The panel consisted of (left to right) Jessica Abel (La Perdida), Matt Madden (Drawing Words and Writing Pictures), Josh Neufeld (A.D.), and Nick Abadzis (Laika); we arrived at the festival in time to catch the last half-hour of the panel. Matt Madden was listed as moderator, but they appear to have chosen to let the conversation flow free-form instead. This may have been a mistake, as the panel wound up bringing up opinions on manga and fiction comics that may have come off differently than they intended. When asked about manga and whether or not it influenced any of their works, the panel as a whole decided to classify manga as a separate, though parallel medium to American comics. Bringing my own opinion into the matter, I think this is a very narrow way of looking at manga. There are tons of manga in Japan, many of which are based on nonfiction events or an author’s life story. Similarly, art styles vary depending on the story; not every manga is going to have big eyes and round heads. The only thing that makes manga different from American comics is that it is Japanese, and American comics are American. If we were to go along with this line of thinking, European comics would be separate but parallel as well, even if they do share similar references and style to what we have here. And yes, manga is usually presented in chapters in magazines before being collected in bigger volumes at a later date, but that is a distribution decision more than a style choice.

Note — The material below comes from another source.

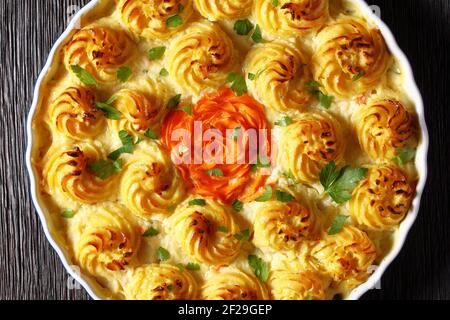 Fish pie, fisherman pie, made with white fish poached in a white sauce and topped with mashed potatoes, british cuisine Stock Photo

Then, there were Josh’s comments about fiction comics. When asked if any of the panel had a desire to do fiction comics, he replied that his imagination doesn’t really mesh with the ability to dream up the kind of science fiction you find in fiction comics. Yet again, genres are ignored here, accidentally or not. Romance comics have been published for years, most of which without any science fiction elements. Crime comics are the same as reading a good Sherlock Holmes novel, only there happens to be art to engage you along with the words. Workplace comedies, slice-of-life books; the list goes on. To group fiction comics simply as the realm of superheroes and science fiction is narrow and belittling. Would Josh be upset if his nonfiction books were to be written off as for children because they are comics? I assume he would be.
As a concession, it is very possible that due to the weather conditions and my overall mood at the time, I took these responses to mean a lot more than they were intended to be. Still, I feel that a panel of creators might want to choose their words a bit better in the future, to avoid any difficulties.